## Introduction

Machine learning algorithms can outperform some radiologists in cancer diagnosis, but can they also have good reasonings to support their classifications? The main goal of our project is to increase the 'explainability' of the models we explored. Namely, our algorithms do not only identify whether there is abnormality in a given image, but also localize where the problem is when they find lesions in the image.

To achieve this goal, we mainly experiment with ResNet and U-Net. ResNet allows us to train deep CNN models relatively efficiently. It gives out binary classification prediction (normal/abnormal) for each given image. To visualize where the model 'thinks' the trouble regions are in the images predicted to be abnormal, we generate saliency maps from ResNet. On the other hand, U-Net's prediction output consists of class labels assigned to each pixel in the given image, so it directly indicates the location of nodules. 

We also think up two ways to combine the advantages of the two models. One is to restructure U-Net by adding shortcut connections to the neural network so it can be trained more efficiently with a deeper structure, which may lead to better performance in limited time. Another is to stack ResNet and U-Net to improve the overall diagnosis accuracy of the models. 

All of the models are tested on the CBIS-DDSM data set (Curated Breast Imaging Subset of DDSM) ([4]), which is the updated version of DDSM (Digital Database for Screening Mammography). The models are evaluated by 3 metrics, diagnosis accuracy, pixel accuracy and intersecion over union ratio. The first metric measures whether the model gives right binary classification prediction (normal/abnormal) for an image, while the other two metrics measure whether the model does well on tumor localization.

Our final delivery of the project is an online prediction function, which gives binary classification prediction and heatmap with tumor localization for each given image.

## Literature Review

Artificial Neural Networks are now broadly applied in the study and modeling of cancers. They are used for susceptibility analysis and disease diagnosis. Their ability to model nonlinear relationships allow them to better predict treatment outcomes and therefore improve and even design individualized treatment plans. Experiments show that they can even outperform experienced experts (Steiner, 2017).

The lack of training data is a common problem in the machine learning study of Mammography. To overcome this problem, ResNet performs data augmentations such as shift, rotation, grey value variation, and random elastic deformation (He, Zhang, Ren & Sun, 2016). Class-conditional generative adversarial networks (GANs) are also used to synthesize healthy screening and artificial lesion signals to produce new training samples (Wu, Wu, Cox & Lotter, 2017).

For cancer diagnosis, in addition to simple classification, we also care for the location of the cancer cells. This is the motivation for U-Net as an image segmentation algorithm proposed by Ronneberger, Fischer and Brox (2017). A U-Net consists of a series of pooling layers and a series of upsampling layers, so the neural network as a whole has a symmetric U-shape.

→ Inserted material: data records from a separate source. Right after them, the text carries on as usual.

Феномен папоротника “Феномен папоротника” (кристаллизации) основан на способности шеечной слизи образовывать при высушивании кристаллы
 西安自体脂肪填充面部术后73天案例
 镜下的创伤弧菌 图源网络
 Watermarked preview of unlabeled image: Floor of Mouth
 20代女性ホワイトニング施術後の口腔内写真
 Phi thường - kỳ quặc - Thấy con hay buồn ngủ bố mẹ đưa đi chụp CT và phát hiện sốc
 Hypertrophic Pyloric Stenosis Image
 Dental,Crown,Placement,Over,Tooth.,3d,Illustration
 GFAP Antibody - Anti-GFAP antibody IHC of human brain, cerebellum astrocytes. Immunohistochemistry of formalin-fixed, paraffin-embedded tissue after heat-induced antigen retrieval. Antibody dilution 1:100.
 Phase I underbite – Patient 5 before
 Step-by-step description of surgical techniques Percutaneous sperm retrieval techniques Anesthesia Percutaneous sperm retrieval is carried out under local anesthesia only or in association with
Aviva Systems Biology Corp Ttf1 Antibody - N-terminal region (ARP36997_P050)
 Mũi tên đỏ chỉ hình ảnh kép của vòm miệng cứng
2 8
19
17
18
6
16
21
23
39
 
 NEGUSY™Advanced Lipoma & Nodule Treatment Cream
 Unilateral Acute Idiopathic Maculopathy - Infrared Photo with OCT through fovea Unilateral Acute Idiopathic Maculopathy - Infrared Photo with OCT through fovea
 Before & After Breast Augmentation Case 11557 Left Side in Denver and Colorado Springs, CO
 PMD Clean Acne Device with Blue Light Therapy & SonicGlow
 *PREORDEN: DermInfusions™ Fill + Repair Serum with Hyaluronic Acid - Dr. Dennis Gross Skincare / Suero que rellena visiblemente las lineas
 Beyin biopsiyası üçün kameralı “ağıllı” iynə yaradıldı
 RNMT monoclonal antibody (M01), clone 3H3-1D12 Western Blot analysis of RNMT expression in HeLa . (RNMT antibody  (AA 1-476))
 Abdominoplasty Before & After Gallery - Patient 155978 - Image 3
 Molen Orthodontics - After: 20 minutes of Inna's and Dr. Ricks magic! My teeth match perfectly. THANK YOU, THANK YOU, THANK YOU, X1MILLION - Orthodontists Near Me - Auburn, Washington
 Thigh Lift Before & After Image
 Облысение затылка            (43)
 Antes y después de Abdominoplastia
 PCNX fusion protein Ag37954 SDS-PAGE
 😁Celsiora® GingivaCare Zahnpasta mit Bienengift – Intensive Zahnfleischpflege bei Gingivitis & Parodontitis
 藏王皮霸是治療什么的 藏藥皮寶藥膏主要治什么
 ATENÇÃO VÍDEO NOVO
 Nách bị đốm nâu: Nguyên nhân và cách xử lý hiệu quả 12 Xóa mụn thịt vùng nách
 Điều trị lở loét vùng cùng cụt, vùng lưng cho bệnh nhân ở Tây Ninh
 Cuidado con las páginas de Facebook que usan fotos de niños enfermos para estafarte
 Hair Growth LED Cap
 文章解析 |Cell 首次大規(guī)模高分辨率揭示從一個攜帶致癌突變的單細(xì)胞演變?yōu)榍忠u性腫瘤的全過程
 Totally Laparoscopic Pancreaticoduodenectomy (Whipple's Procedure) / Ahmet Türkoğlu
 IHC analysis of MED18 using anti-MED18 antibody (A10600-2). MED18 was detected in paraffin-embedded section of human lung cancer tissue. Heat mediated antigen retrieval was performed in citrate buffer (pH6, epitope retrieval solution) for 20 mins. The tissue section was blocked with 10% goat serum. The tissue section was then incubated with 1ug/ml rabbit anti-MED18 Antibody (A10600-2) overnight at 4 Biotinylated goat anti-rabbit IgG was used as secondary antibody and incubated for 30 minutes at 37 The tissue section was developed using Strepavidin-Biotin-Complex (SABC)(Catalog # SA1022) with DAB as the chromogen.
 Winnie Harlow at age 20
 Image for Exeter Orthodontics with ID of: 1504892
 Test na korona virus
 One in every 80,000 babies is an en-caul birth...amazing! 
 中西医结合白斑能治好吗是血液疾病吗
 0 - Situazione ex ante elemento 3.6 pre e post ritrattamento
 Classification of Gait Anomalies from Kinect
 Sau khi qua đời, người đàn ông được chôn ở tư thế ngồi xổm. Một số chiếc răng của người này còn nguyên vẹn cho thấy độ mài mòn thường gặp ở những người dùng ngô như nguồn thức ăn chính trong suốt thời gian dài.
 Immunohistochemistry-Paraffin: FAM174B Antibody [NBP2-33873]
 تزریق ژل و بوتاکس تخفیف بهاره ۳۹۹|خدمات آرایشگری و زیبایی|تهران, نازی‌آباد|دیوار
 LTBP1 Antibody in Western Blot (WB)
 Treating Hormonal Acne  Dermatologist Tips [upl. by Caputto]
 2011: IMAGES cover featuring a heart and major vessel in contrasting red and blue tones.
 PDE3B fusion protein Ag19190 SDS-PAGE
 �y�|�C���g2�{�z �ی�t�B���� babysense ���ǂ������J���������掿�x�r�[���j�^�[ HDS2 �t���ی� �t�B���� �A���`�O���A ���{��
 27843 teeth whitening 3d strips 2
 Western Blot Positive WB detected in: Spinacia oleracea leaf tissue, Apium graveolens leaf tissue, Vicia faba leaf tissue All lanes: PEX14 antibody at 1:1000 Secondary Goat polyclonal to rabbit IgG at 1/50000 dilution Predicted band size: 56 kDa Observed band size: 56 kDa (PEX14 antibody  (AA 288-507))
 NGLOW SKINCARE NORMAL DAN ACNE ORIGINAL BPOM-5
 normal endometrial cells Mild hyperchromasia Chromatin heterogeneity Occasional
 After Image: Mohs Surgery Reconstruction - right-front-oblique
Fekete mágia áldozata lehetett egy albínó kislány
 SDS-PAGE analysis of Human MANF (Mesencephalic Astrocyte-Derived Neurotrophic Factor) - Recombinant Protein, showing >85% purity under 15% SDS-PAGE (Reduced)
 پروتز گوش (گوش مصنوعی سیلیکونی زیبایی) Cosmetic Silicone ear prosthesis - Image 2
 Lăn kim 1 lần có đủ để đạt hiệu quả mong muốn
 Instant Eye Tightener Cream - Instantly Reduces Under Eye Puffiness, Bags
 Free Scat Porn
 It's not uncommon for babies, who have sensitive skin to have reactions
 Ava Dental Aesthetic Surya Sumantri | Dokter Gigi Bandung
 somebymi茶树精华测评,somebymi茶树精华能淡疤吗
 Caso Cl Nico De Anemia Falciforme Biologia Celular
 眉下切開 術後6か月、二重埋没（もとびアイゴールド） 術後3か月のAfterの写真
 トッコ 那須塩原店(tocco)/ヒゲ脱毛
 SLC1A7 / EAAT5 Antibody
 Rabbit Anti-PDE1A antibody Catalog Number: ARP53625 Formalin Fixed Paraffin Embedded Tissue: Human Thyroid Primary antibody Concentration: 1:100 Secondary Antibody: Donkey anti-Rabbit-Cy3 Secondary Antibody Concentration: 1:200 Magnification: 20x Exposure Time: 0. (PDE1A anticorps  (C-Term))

It uses the upsampling layers to increase resolution and therefore accuracy of the output, and it combines the upsampling section with feature maps from the contracting section in order to localize the output within context.

After we construct these deep convolutional networks, experiments show that they are harder to train -- with the same number of iterations, they have higher training error than shallower networks. Thus, deep residual learning is proposed to solve this degradation problem (He, Zhang, Ren & Sun, 2016). It adds shortcut connections to make certain layers explicitly approximate residual functions. This architecture brings two benefits: first, the network is easier to optimize (achieve low training error faster); second, it has lower complexity (no extra parameter or complexity from identity shortcut connections).

## Data

We use data from the CBIS-DDSM data set. We use this data set because it includes cleaned data from DDSM and all the images are reformatted to dicom files. The whole data set covers two kinds of tumors, mass and calcification. We only use data of mass cases as we think there may be distinctions in these two categories of problems, which means they need to be identified by two models separately. 

The original data set is already divided into training data and testing data, which are picked by the researchers meticulously to make sure that the two data sets are balanced with the same proportion of classification and situation. The training data set contains 1318 cases while the testing data set contains 378 cases. 

For each case, a dicom file of the X-ray image and a dicom file of regions of interest segmentation with the same shape are provided. The regions of interest segmentation files are masks with 0 (normal) and 1 (abnormal) annotated pixel by pixel. The images are often arrays with both width and height larger than 4000 and shapes of the images are varied, so we crop the images into $256*256$ patches. To limit the size of the data set and avoid meaningless cropped images (all dark or contains other parts of body), we keep all cropped images with 1 in the regions of interest segmentation files (which means there is abnormality in these images) and randomly pick cropped images with no trouble regions, which results in 19702 train images and 5835 test images. The proportion of abnormal data in both data sets is 0.3.

The codes for data cleaning and data preprocessing are presented as below.

In [None]:
import pandas as pd
import pydicom
from pathlib import *
import json
import matplotlib.pyplot as plt
import numpy as np

mass_train_description = pd.read_csv("mass_case_description_train_set.csv")

# Get the path of the image and store the array into the dictionary whose key is patient id, side and view

file_dic = {}
for i in range(len(mass_train_description)):
    patient_id = mass_train_description['patient_id'].iloc[i]
    side = mass_train_description['left or right breast'].iloc[i]
    view = mass_train_description['image view'].iloc[i]
    pid = patient_id + side + view

    p = Path("Mass_Training_image/"+(mass_train_description['image file path'].iloc[i]).split('/')[0])
    lst = list(p.glob('**/*.dcm'))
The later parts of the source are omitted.